## Task
Copy out the data word for word. The images are not part of the copy.

## Dataset content
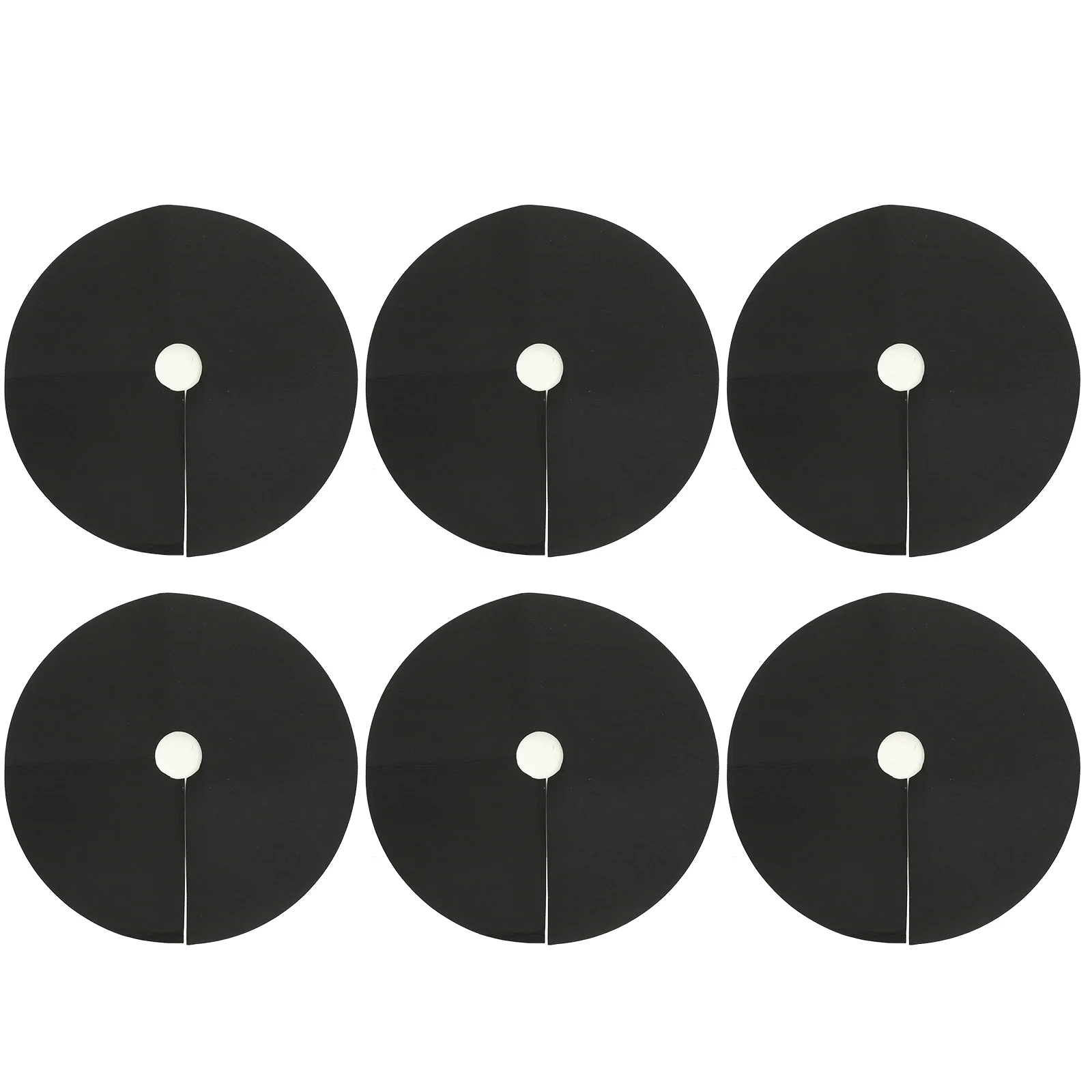 

1 Set of Barrier with Ground Stakes Control Ground Cloth Fabric Cover Gardening Tool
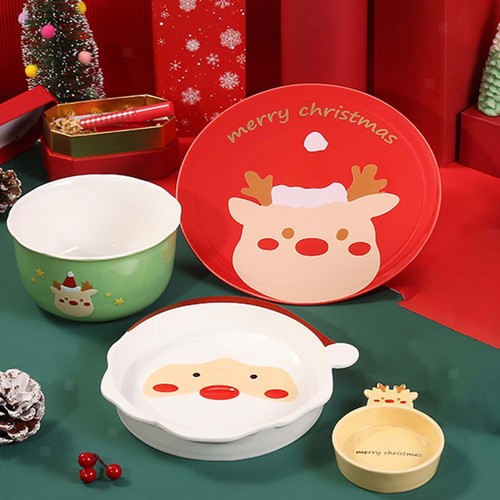Assiette noël pour dîner - assiette,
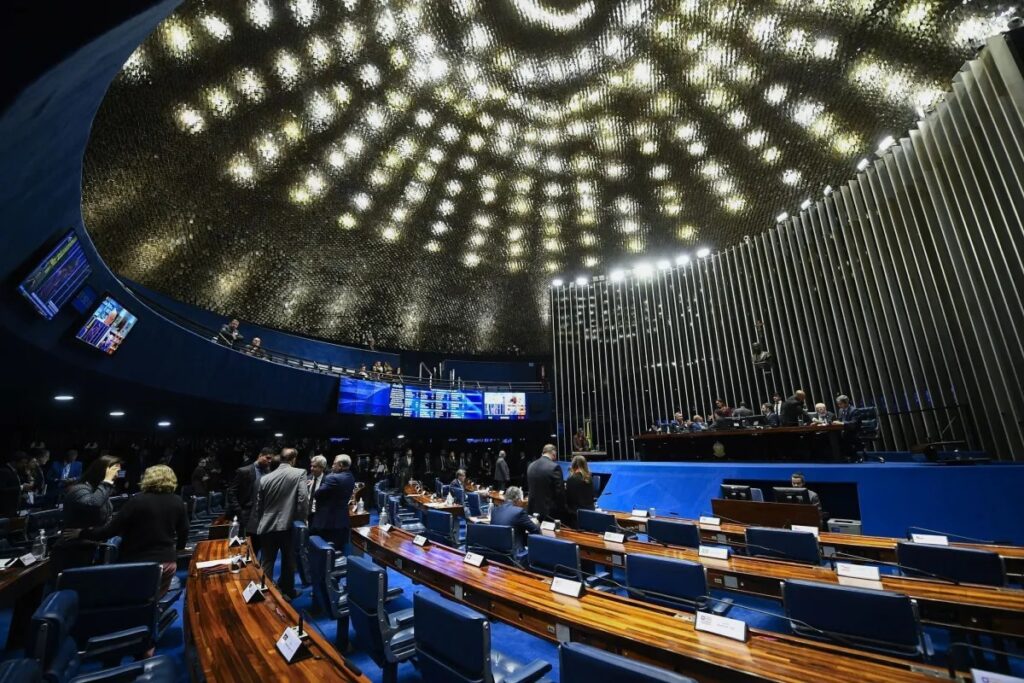  (Foto: Carlos Moura/Agência Senado)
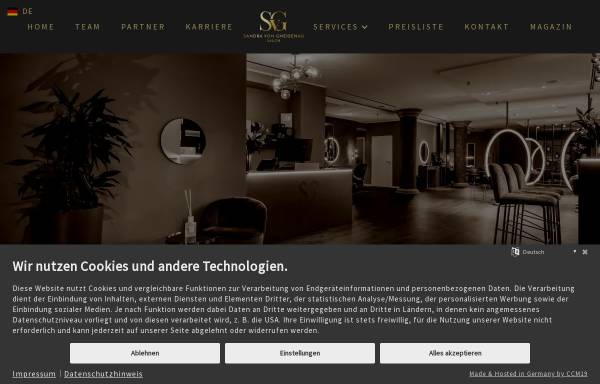 Sandra von Gneisenau Salon GmbH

## Written response
1 Set of Barrier with Ground Stakes Control Ground Cloth Fabric Cover Gardening Tool
Assiette noël pour dîner - assiette,
  (Foto: Carlos Moura/Agência Senado)
 Sandra von Gneisenau Salon GmbH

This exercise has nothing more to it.